- Task instructions -
Repeat the data below exactly, dropping any pictures it holds.

Provided material START

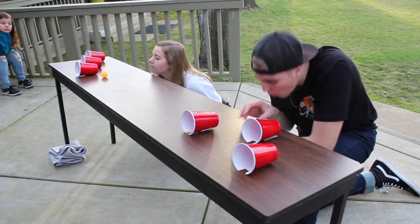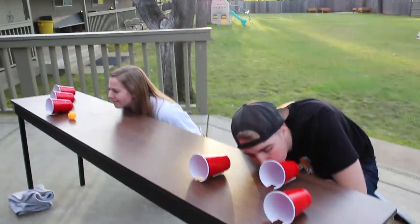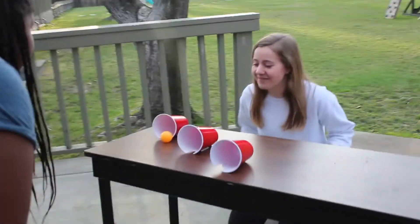How to play Uphill Battle. Uphill Battle is a pretty simple game where you use your breath to get the ping-pong balls to their destinations. First person to put all the ping-pong balls in their destination is the winner. Simple as that.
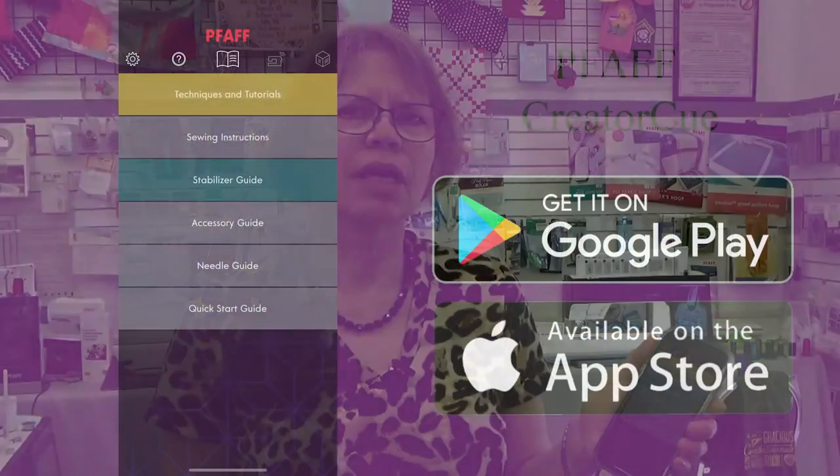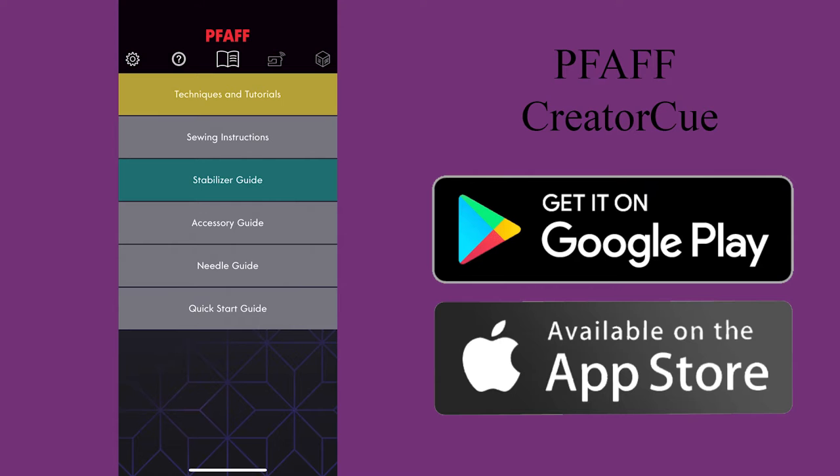Hi, I'm Paula at Tri-State Sewing and Quilting, and I want to share with you this morning about a free app that you can put on your phone. It's from Pfaff. It's called the CreatorQ, and you just download that to your smartphone. It's a sewing advisor, and this is for all brands of sewing machines.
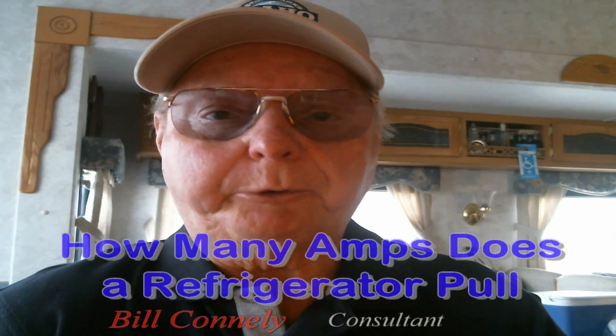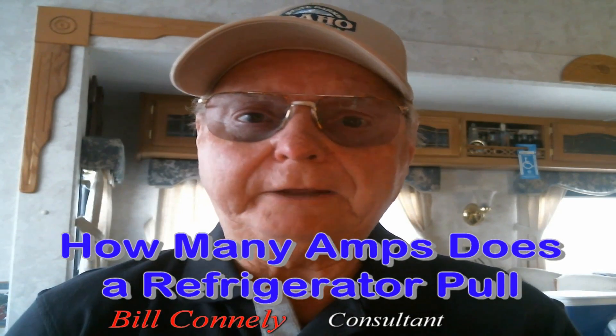How many amps does a refrigerator pull? If you're an RVer out camping and so forth, it might be best to know how much draw is going to be pulled against the power if you're plugged in at a park, for example, and you have a 30-amp cord or your rig runs on 30 amps instead of 50.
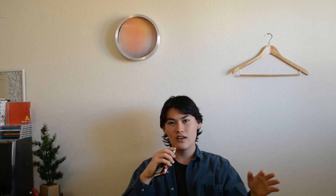All images and scans that I use inside this video, I'm gonna try and attribute them to whoever I could find, but in advance I'm gonna say sorry — I could not find the original scanners of a lot of these scans, but for the ones that I was able to find, I am attributing them. For episode one, I'm gonna be going over the Undercover Spring Summer 1999 collection: Relief.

Provided material END

- Answer to this task -
How to play Uphill Battle. Uphill Battle is a pretty simple game where you use your breath to get the ping-pong balls to their destinations. First person to put all the ping-pong balls in their destination is the winner. Simple as that.
Hi, I'm Paula at Tri-State Sewing and Quilting, and I want to share with you this morning about a free app that you can put on your phone. It's from Pfaff. It's called the CreatorQ, and you just download that to your smartphone. It's a sewing advisor, and this is for all brands of sewing machines.
How many amps does a refrigerator pull? If you're an RVer out camping and so forth, it might be best to know how much draw is going to be pulled against the power if you're plugged in at a park, for example, and you have a 30-amp cord or your rig runs on 30 amps instead of 50.
All images and scans that I use inside this video, I'm gonna try and attribute them to whoever I could find, but in advance I'm gonna say sorry — I could not find the original scanners of a lot of these scans, but for the ones that I was able to find, I am attributing them. For episode one, I'm gonna be going over the Undercover Spring Summer 1999 collection: Relief.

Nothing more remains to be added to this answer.